После того как унесли миски из-под свиных ножек и блюдо с поджаренным хлебом, обильно намазанным гусиным жиром и посыпанным крупно нарубленным луком, Вёрёшмарти очистил место для рукописи. Смахнув на пол картонные подставки, велел убрать опустевшие глиняные кружки с оловянными крышечками и локтем отер сбежавшую через край пену.
Для чтения он выбрал всего два стихотворения: про степь и хортобадьскую шинкарку. Однако и их с трудом выслушали осоловевшие националисты. Рюмочка абрикосовой палинки и несколько кружек доброго пива не располагают к молчанию. Языки развязались, тянуло побалагурить, похвастать, а то и затеять жаркий, но бесплодный, так как ни одна сторона не желала уступать, спор. Но сытый желудок и разливающаяся по жилам теплота настраивают также и на лад благодушный, чего и ожидал опытный в такого рода вещах Вёрёшмарти.

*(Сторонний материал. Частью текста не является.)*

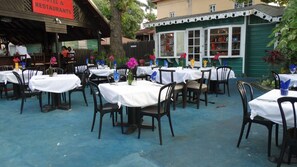 2 restaurants; breakfast, lunch and dinner served  - Bar-B-Barn Beach Hotel (Negril)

— «Степная даль в пшенице золотой…» Как видите, господа, — деловито подытожил он короткую декламацию, — перед вами самобытный венгерский поэт. Национальный поэт! — счел необходимым подчеркнуть. — Воспевший чудесные наши степи меж Дунаем и Тисой. Святая обязанность помочь Шандору Петефи издать первую стихотворную книгу. Предлагаю организовать сбор в его пользу, — и, усиливая натиск, процедил настоятельно: — Сейчас, немедленно, здесь.
Воцарилось долгое, настороженное молчание. Посапывая и поминутно прикладываясь к кружкам, дабы осадить луковое амбре, собравшиеся обменивались беглыми взглядами.

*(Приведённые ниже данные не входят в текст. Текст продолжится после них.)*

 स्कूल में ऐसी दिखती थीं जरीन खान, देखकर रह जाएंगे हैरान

— Так скоро подобные дела не решаются, — начал было собиратель народных песен Эрдейи, но не договорил и, насупившись, пыхнул трубкой.
— В самом деле, — поддержал его Имре Вахот, редактор известного журнала «Регелё», — что за спешка? Надо как следует обмозговать, пощупать… Я, например, не почувствовал, собственно, национальной ноты в стихах нашего молодого друга. Он, полагаю, не без способностей, но, как бы это поточнее сказать, его произведения лишены дыхания, что ли, неповторимых веяний родной почвы. Должен ясно ощущаться один какой-то, пусть крохотный, но зато особенный уголок. Патриотизм начинается с малого. Не так ли?.. Вы родом откуда? — наклонился он через стол к Петефи.

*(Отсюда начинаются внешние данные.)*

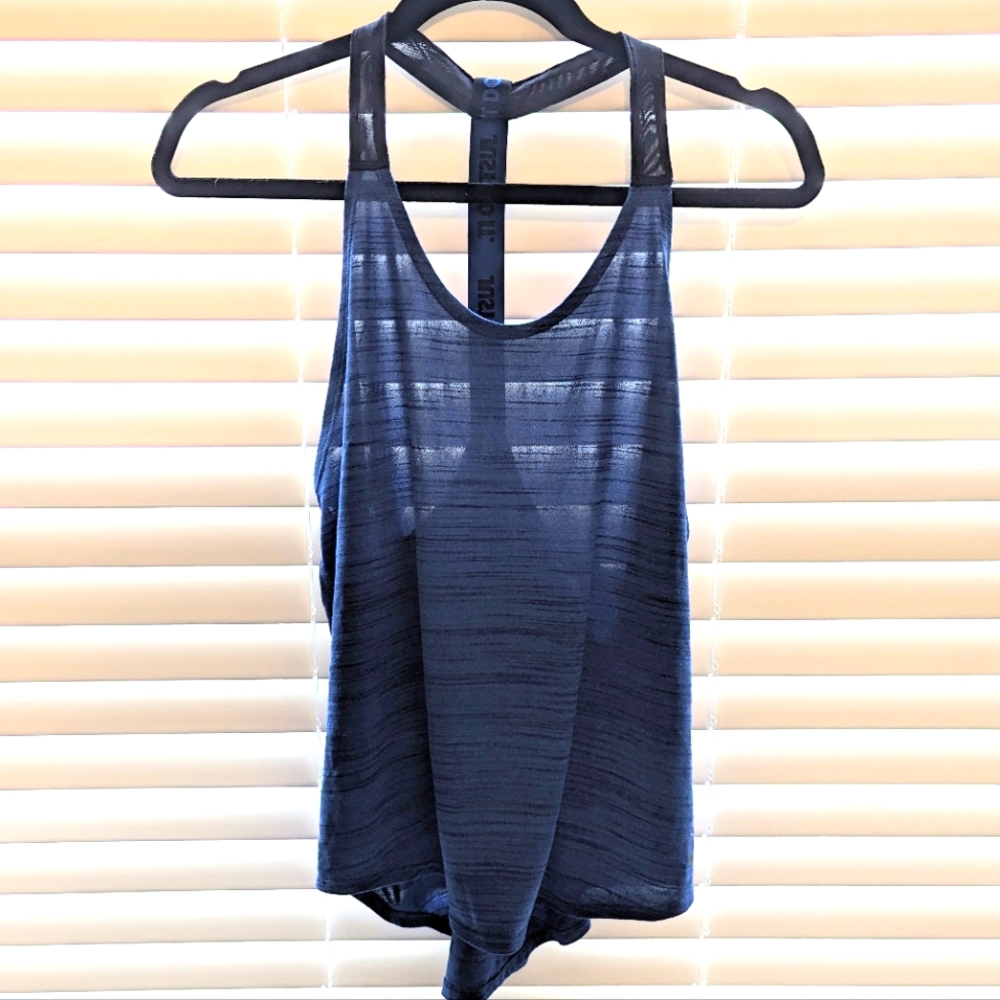 Nike Women's Elastika Loose Tank Top. Pre-owned. Medium.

— Из Фельэдьхазы, — ответил поэт, хотя увидел свет в Кишкёрёше, но почему-то невзлюбил сей богом забытый уголок.
Вахот, подсознательно уловивший в стихах упрямо звучащую ноту, нахмурился, ибо отрывистый ответ прозвучал, как вызов. Не зная про Кишкёрёш и не находя сколь бы то ни было примечательных качеств в Фельэдьхазе, он тем не менее явственно ощутил дерзость и нервно забарабанил пальцами. В свое время почти так же помрачнел и начал отбивать раздраженную дробь духовник-евангелист Ян Коллар, когда гимназист Шандор ни с того, ни с сего объявил вдруг себя протестантом. Что и говорить, Петефи в совершенстве обладал сомнительным даром восстанавливать против себя людей после первого же слова. И неважно, что словак Коллар был ярым панславистом, а венгерский ура-патриот Вахот считал словаков и многих прочих людьми не совсем полноценными, оба они прореагировали поразительно единообразно. Петефи был еще слишком молод и не знал, что существуют натуры, прямо противоположные ему по своему психологическому типу. Смягчить остроту такого изначально заложенного противостояния не властны были ни национальная принадлежность, ни уровень культуры, ни даже политические убеждения. Именно они, убеждения, а точнее, просто отношение к авторитету существующей власти нередко даже определялись только нравственным идеалом личности.
Почувствовав, что установилось безмолвное противоборство, Вёрёшмарти встревожился за успех начинания и поспешил разрядить атмосферу. Поднатужив усталые мозговые извилины, не без отсебятины, продекламировал компании «Пьющего». Это пришлось по вкусу, попало в самое яблочко. В награду автору досталось добродушное ворчание и смех. После пива было приятно поговорить о редких достоинствах мадьярских лоз. Только Вахот не присоединился к похвалам.
— Не знаю, не знаю, — неопределенно пробормотал он и отвернулся.
— Значит, так, — первым схватил быка за рога портной Гашпар, — жертвую на книжку тридцать старых пенгё. Еще столько же обязуюсь дать после, — и, окинув торжествующим взглядом собравшихся, тут же отсчитал три полновесных десятки и бросил на уставленный кружками стол. Тогда и остальные полезли за бумажниками и, кто пятерку, кто целую двадцатку, стали наращивать скромную горку. Словно на кон ставили.